Why has global warming sped up?
A faster pace, driven by greenhouse forcing and recent heat records
Analysis of the past decade shows Earth’s rate of warming has increased markedly compared with previous decades. Multiple temperature datasets and recent peer-reviewed studies find the planet has been warming at roughly 0.35 °C per decade in the last ten years, compared with just under 0.2 °C per decade from the 1970s through 2015. This is not merely a short-term blip: researchers accounted for known natural influences such as El Niño and still found a strong upward shift beginning in the mid‑2010s.
Why it matters: the faster rate shortens the time window before international targets for limiting warming—like 1.5 °C above preindustrial levels—are reached. Faster warming also amplifies the frequency and severity of extremes already tied to climate change: heatwaves, droughts, heavy rain, and ecosystem stresses such as coral bleaching and forest dieback.
Key contributors and mechanisms
- Continued rise in greenhouse gas concentrations, which trap more heat in the atmosphere.
- A recent run of record-hot years that increase the decade-average trend.
- Losses of reflective ice and snow in polar regions that accelerate warming locally and globally.
Implications for policy and communities
- The window to avoid the most dangerous impacts is smaller; near-term emissions cuts matter more than ever.

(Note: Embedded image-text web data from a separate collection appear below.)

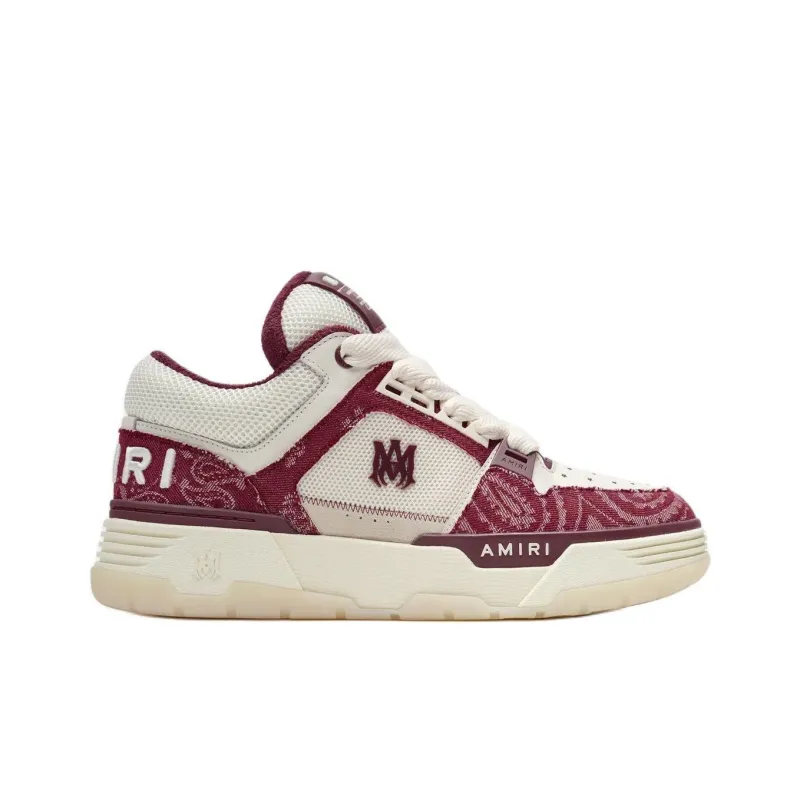 AMIRI MA 1 Bandana Denim Burgundy-1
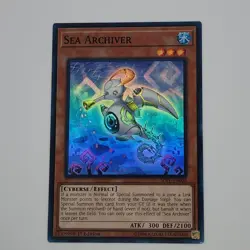 Yugioh Sea Archiver SDPL-EN003 Super Rare 1st Ed NM - Image 1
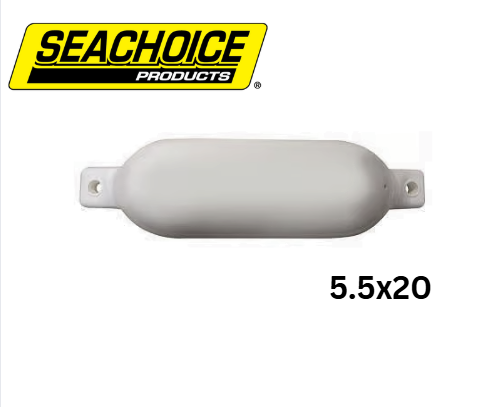 SEACHOICE FENDER SMOOTH 5.5X20 WHITE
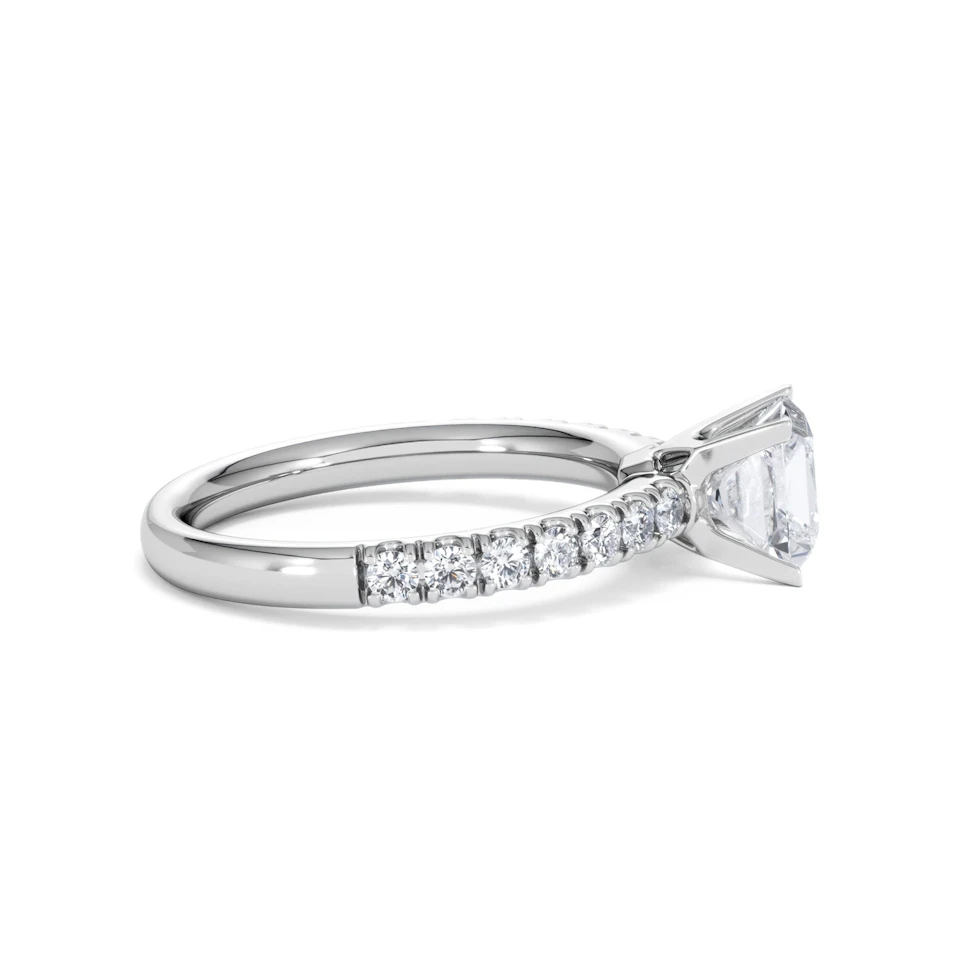 Katerina GIA Princess Diamond Engagement Ring Platinum 1.50ct G/VS1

- Adaptation planning must assume more rapid changes and update infrastructure, health, and water systems accordingly.
- Risks to ecosystems and tipping points—such as accelerating ice-sheet loss or large-scale forest dieback—become more probable and urgent to monitor.
Uncertainties remain about the precise timing of specific tipping points and regional impacts. But the evidence is clear: recent years show a notable acceleration in warming, and that change reshapes both mitigation priorities and the scale of adaptation that societies will need.